===== Information supplied =====

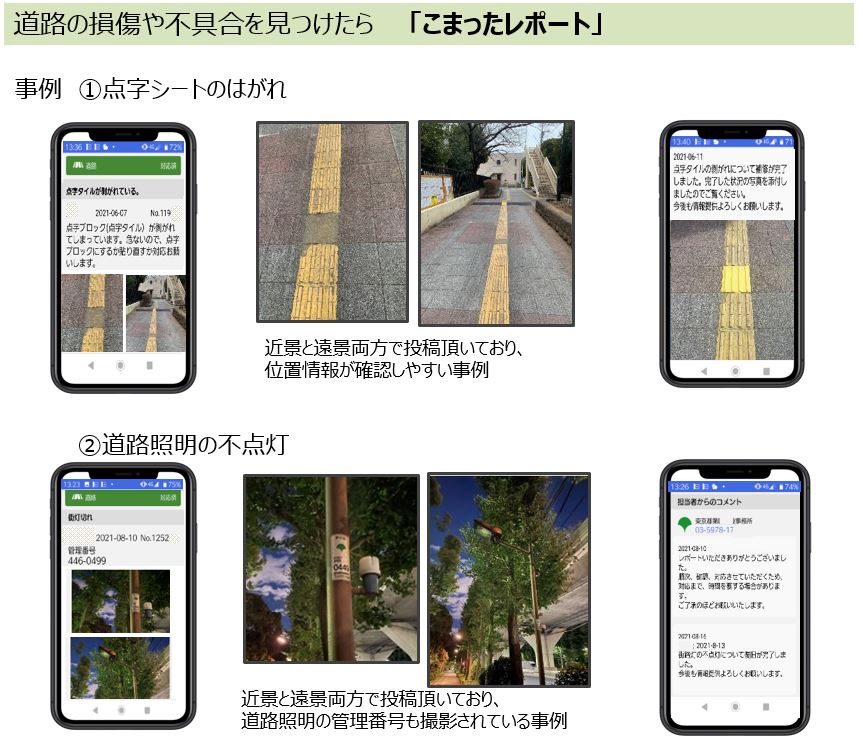 道路の損傷や不都合を見つけたら｢こまったレポート、事例1　点字シートのはがれ：近景と遠景両方で投稿頂いており、位置情報が確認しやすい事例、2　道路照明の不点灯：近景と遠景両方で投稿頂いており、道路照明の管理番号も撮影されている事例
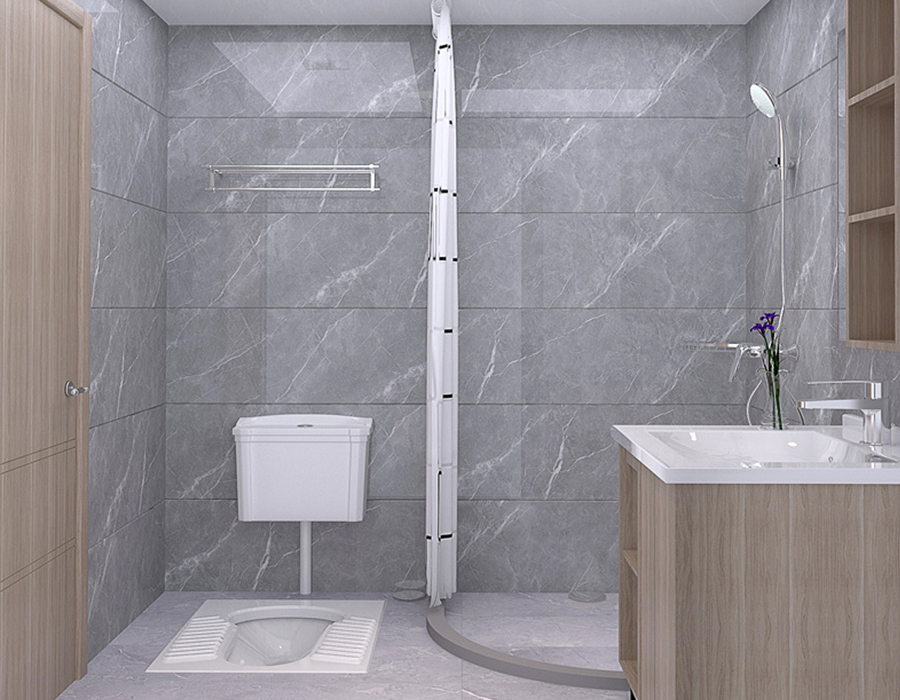 Unidad de baño integrada para apartamento con panel de fibra de resina PEC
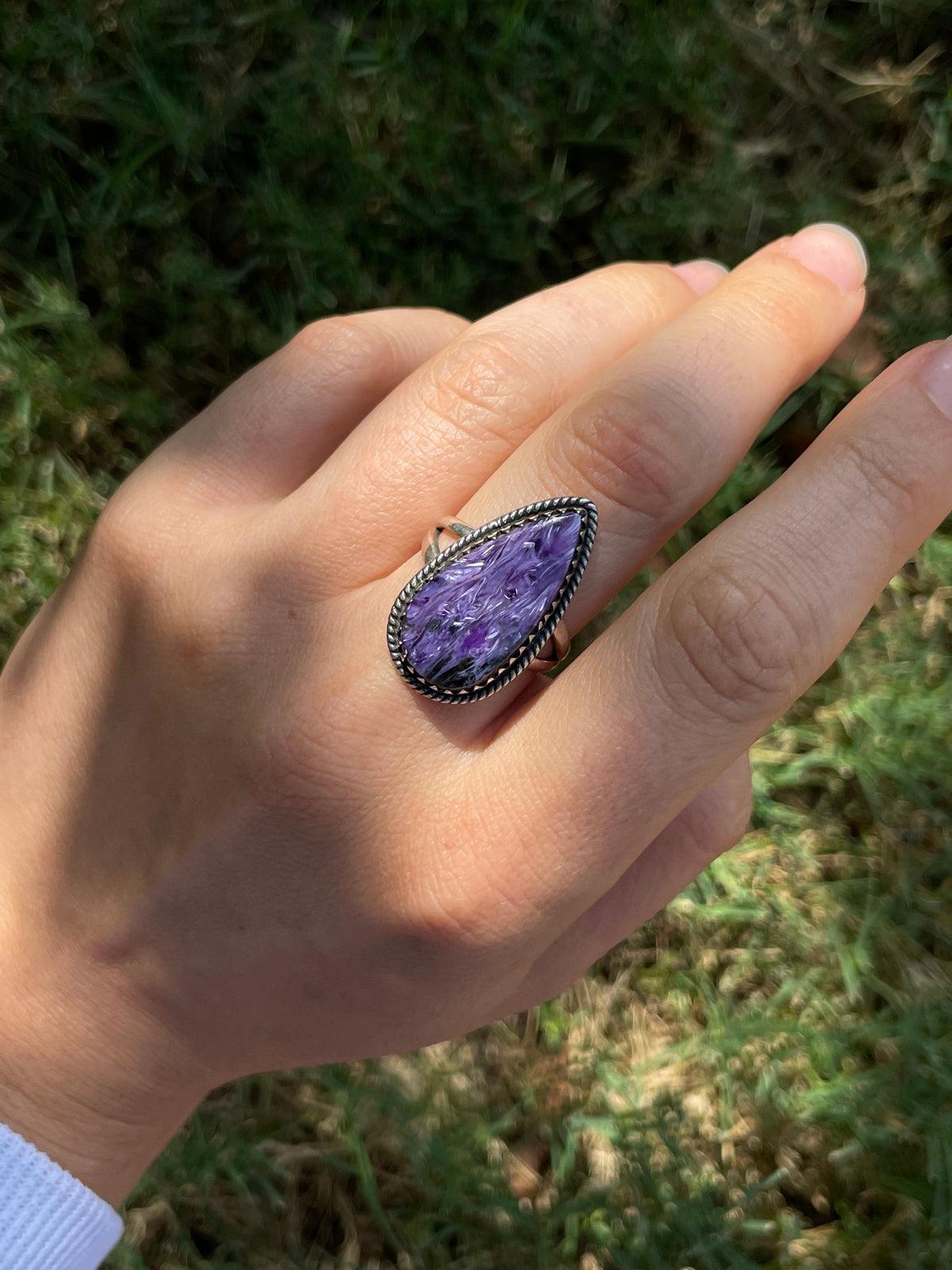 Charoite Ring Size 8 | 925 Sterling Silver D310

=====

» What the task asks: All of the data must be repeated exactly, except for the pictures.

» Task solution:
 道路の損傷や不都合を見つけたら｢こまったレポート、事例1　点字シートのはがれ：近景と遠景両方で投稿頂いており、位置情報が確認しやすい事例、2　道路照明の不点灯：近景と遠景両方で投稿頂いており、道路照明の管理番号も撮影されている事例
 Unidad de baño integrada para apartamento con panel de fibra de resina PEC
 Charoite Ring Size 8 | 925 Sterling Silver D310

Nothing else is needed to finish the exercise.